Jurors took just two hours to render their verdict. Her sentencing is scheduled for Jan. 6.

Ms. Fiore had served as a justice of the peace in rural Nevada since the Nye County Commission appointed her to the post in December 2022. After she was indicted in July, the Nevada Commission on Judicial Discipline suspended her with pay pending the outcome of the trial. Following her conviction, the panel voted to cut off her $85,500 annual salary.

Ms. Fiore last week appealed that decision.

“I think I should still be receiving a salary because, again, I plead not guilty,” Fiore told the Review-Journal’s Katelyn Newberg. “This is not over. We are appealing this whole thing. It was a true weaponized, political trial.” Ms. Fiore also told Ms. Newberg that “prosecutors lied to the jury and witnesses lied on the stand and should be impeached.”

Her attorney, Paola Armeni, previously acknowledged that the discipline panel has the power under Nevada law to take away a suspended judge’s salary. But she argued that taking away Ms.

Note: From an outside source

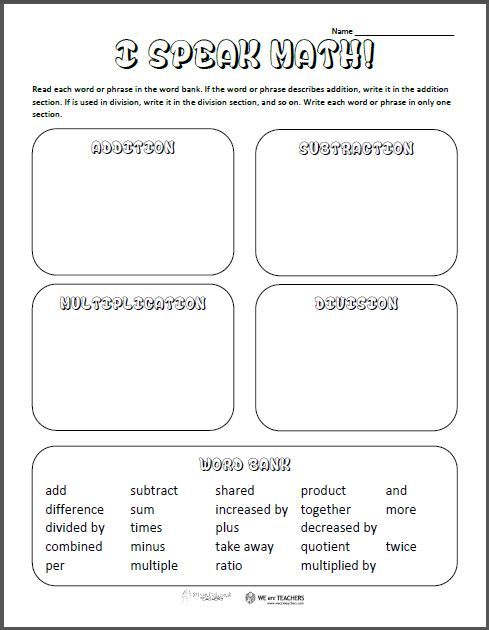 3rd Grade Math Vocabulary Worksheets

Fiore’s pay would create “unnecessary financial hardship, violating the principles of fairness.”

Ms. Armeni is apparently a big fan of irony.

Ms. Fiore has a right to contest the verdict, of course — although claiming that all involved were lying doesn’t appear a very promising avenue for reversal. But the discipline commission made the right move in nixing her paycheck.

If Ms. Fiore’s Hail Mary appeal succeeds, she will have the opportunity to claw back the salary that was denied her during her suspension. But if the conviction stands, and she was cashing those paychecks in the interim, the taxpayers would almost certainly never see that money again.

And that, as someone has said, would violate the “principles of fairness.”

The views expressed above are those of the Las Vegas Review-Journal.